The conference call will be available for replay via telephone and Internet beginning at 12:00 p.m. (EDT) on Tuesday, May 28, 2002, until Tuesday, June 4, 2002, at 11:59 p.m. (EDT). To listen to a replay of the conference call over the telephone, dial 1-320-365-3844 (domestic and international callers). The access code for the replay is 640474. To access the replay of the conference call over the Internet, visit the above-mentioned Web site.

MetLife, Inc., through its subsidiaries and affiliates, is a leading provider of insurance and other financial services to individual and institutional customers. The MetLife companies serve approximately 10 million individual households in the U.S. and companies and institutions with 33 million employees and members.

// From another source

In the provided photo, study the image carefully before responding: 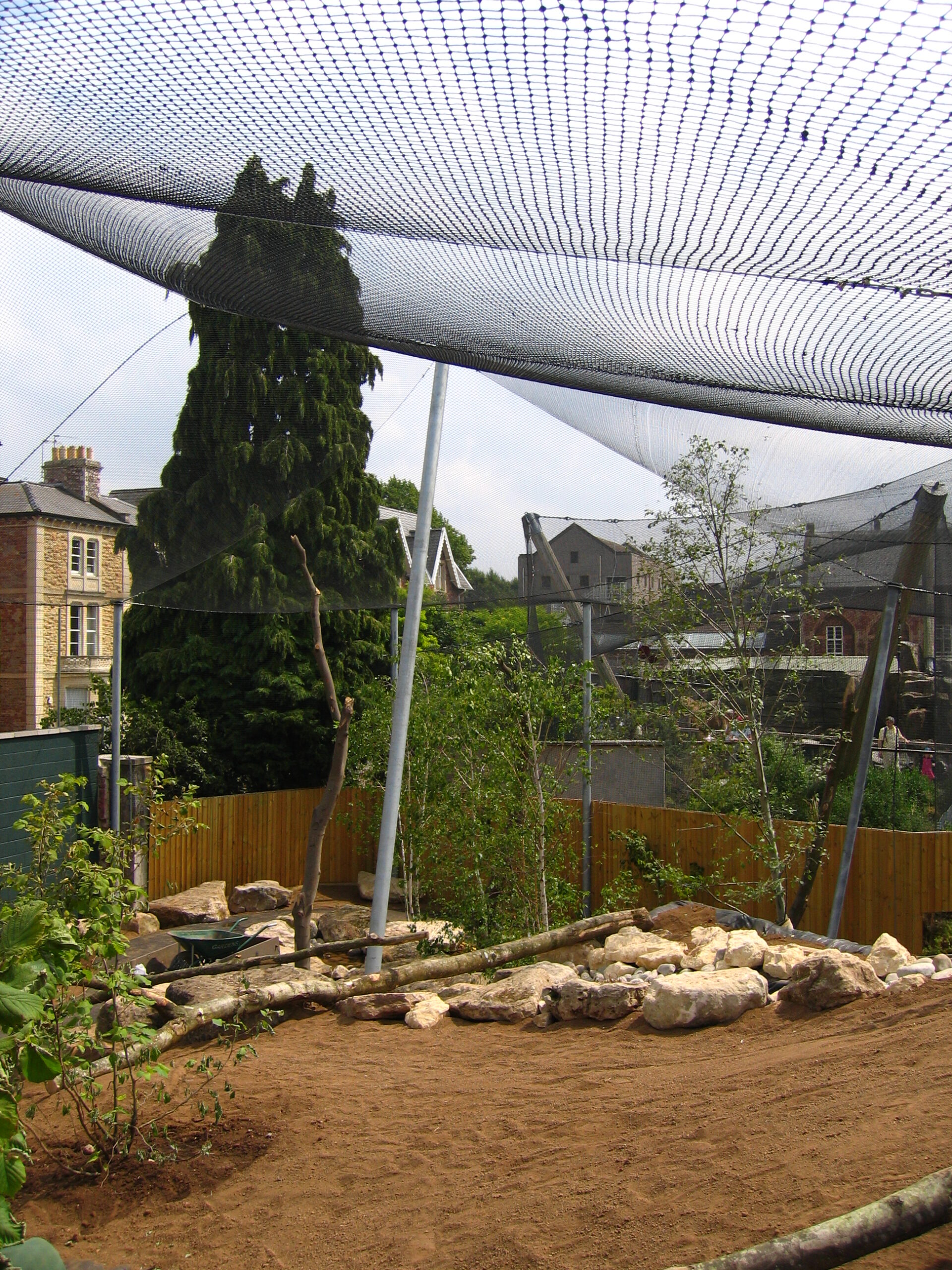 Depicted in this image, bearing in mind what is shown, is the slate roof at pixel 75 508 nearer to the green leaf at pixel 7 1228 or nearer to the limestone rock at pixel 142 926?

It also has international insurance operations in 13 countries.

This release contains statements which constitute forward-looking statements within the meaning of the Private Securities Litigation Reform Act of 1995, including statements relating to trends in the company's operations and financial results and the business and the products of the company, as well as other statements including words such as "anticipate," "believe," "plan," "estimate," "expect," "intend" and other similar expressions. Forward-looking statements are made based upon management's current expectations and beliefs concerning future developments and their potential effects on the company. Such forward-looking statements are not guarantees of future performance.

Actual results may differ materially from those included in the forward-looking statements as a result of risks and uncertainties including, but not limited to the following: (i) changes in general economic conditions, including the performance of financial markets and interest rates; (ii) heightened competition, including with respect to pricing, entry of new competitors and the development of new products by new and existing competitors; (iii) unanticipated changes in industry trends; (iv) the company's primary reliance, as a holding company, on dividends from its subsidiaries to meet debt payment obligations and the applicable regulatory restrictions on the ability of the subsidiaries to pay such dividends; (v) deterioration in the experience of the "closed block" established in connection with the reorganization of Metropolitan Life Insurance Company; (vi) catastrophe losses; (vii) adverse litigation or arbitration results; (viii) regulatory, accounting or tax changes that may affect the cost of, or demand for, the company's products or services; (ix) downgrades in the company's and its affiliates' claims paying ability, financial strength ratings or debt ratings; (x) changes in rating agency policies or practices; (xi) discrepancies between actual claims experience and assumptions used in setting prices for the company's products and establishing the liabilities for the company's obligations for future policy benefits and claims; (xii) the effects of business disruption or economic contraction due to terrorism or other hostilities; and (xiii) other risks and uncertainties described from time to time in the company's filings with the Securities and Exchange Commission, including its S-1 and S-3 registration statements. The company specifically disclaims any obligation to update or revise any forward-looking statement, whether as a result of new information, future developments or otherwise.